Formalizes Autonomous Bug Discovery: GBQA provides a formal framework for evaluating LLMs on proactive defect detection in interactive environments.
Highlights Capability Gaps: Reveals that bug discovery is substantially harder than code generation/fixing, with different cognitive demands.
Advances Agent Benchmarking: Introduces a new evaluation dimension where the environment itself is the object of evaluation, complementing existing task-completion benchmarks.

Practical Implications:

Benchmark for QA Agent Development: Provides a standardized testbed for developing and comparing QA agents.
Scalable Construction Methodology: The multi-agent game builder enables controllable, scalable benchmark expansion.
Towards Autonomous Software Engineering: Demonstrates a step toward fully autonomous coding systems that can discover and fix bugs without human intervention.
Training Data for QA: Could generate training data for improving LLMs' systematic testing heuristics.

Conclusion

GBQA presents a scalable benchmark for evaluating autonomous bug discovery capabilities of LLMs in interactive game environments.

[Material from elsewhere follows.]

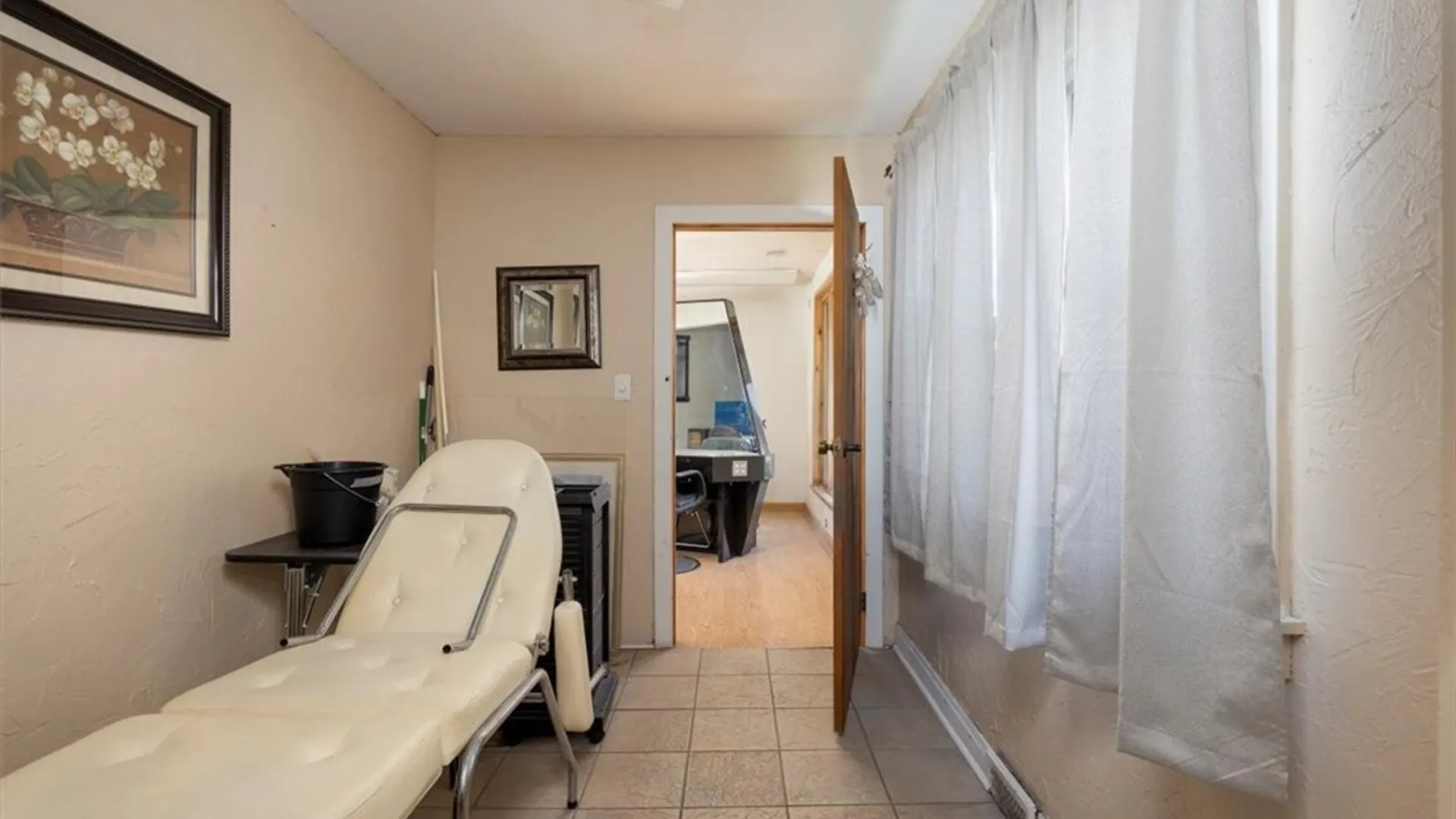 Property at 736 Center Road, West Seneca, NY 14224 17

Experimental results reveal that state-of-the-art LLMs remain substantially limited in bug discovery, particularly for long-horizon and state-dependent errors, highlighting a significant gap between current agent capabilities and real-world QA demands.

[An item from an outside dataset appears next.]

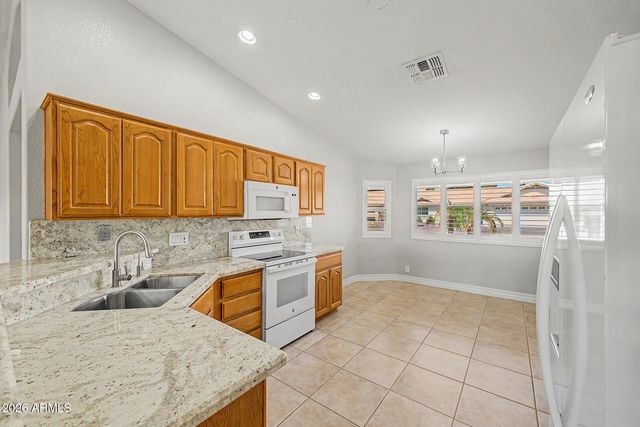 2562 S ACANTHUS --, Mesa, AZ 85209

The benchmark provides standardized environments, quantitative metrics, and reliable evaluation, offering a foundation for principled design and comparison of future QA agents. This opens a new research direction at the intersection of agentic reasoning and software development.

Future Directions: Extend GBQA beyond games towards broader domains, incorporate multimodal perception and GUI interaction to better reflect real-world scenarios, and explore training methods to improve systematic testing heuristics in LLMs.